Wired on the proposed “Earn It” legislation.

 

https://www.wired.co...-on-encryption/

 

 

 

"This is a profoundly awful proposal on multiple levels," says Julian Sanchez, a senior fellow at the Cato Institute, of the EARN IT Act. "It uses the laudable aim of fighting child exploitation to cynically launder law enforcement’s unsuccessful, decades-long effort to undermine strong end-to-end encryption. And it codifies the idea of using Section 230 immunity—without which no online platform could realistically risk hosting user-generated content at scale—as a cudgel to force private businesses to adopt government-approved content moderation practices."

 

 

 

"Encryption remains the elephant in the room," James Brokenshire, the United Kingdom's security minister, said during the DOJ press conference. "I’ve got to say that putting our children at risk for what I believe are marginal privacy gains is something I really struggle to believe any of us want."

 

#### off.

 

Privacy and security experts unanimously disagree with Brokenshire's assessment.

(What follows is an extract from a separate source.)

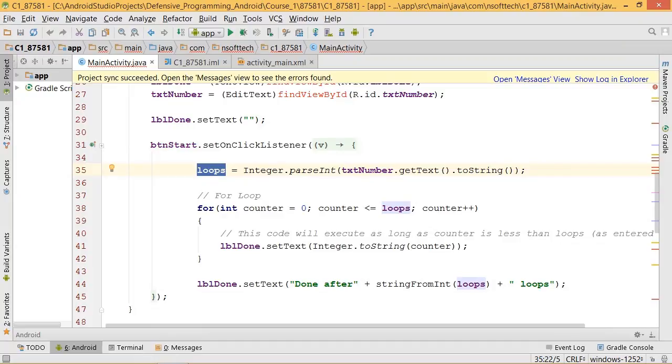So this has been a discussion around the design around for loops that are not vulnerable to running forever for Android using Java.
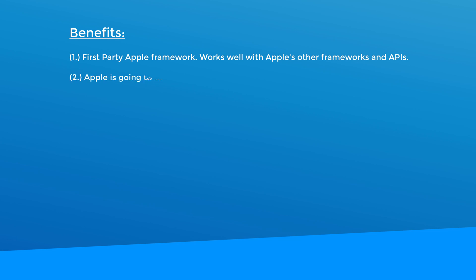Number two, being a first party framework means that Apple is going to make sure that any new technology it releases will work with it. At least I'd like to think that Apple would make a bigger effort to make sure that Core Data plays nicely with anything that they release.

The argument they have made for decades in defense of encryption is that any measure that undermines or eliminates it would expose millions of vulnerable people to invasive surveillance by both governments and criminals, like abusers. Meanwhile, in a world without strong encryption protections for regular people, governments and criminals would be the two main groups that would inevitably maintain exempt or illegal access to strongly encrypted tools.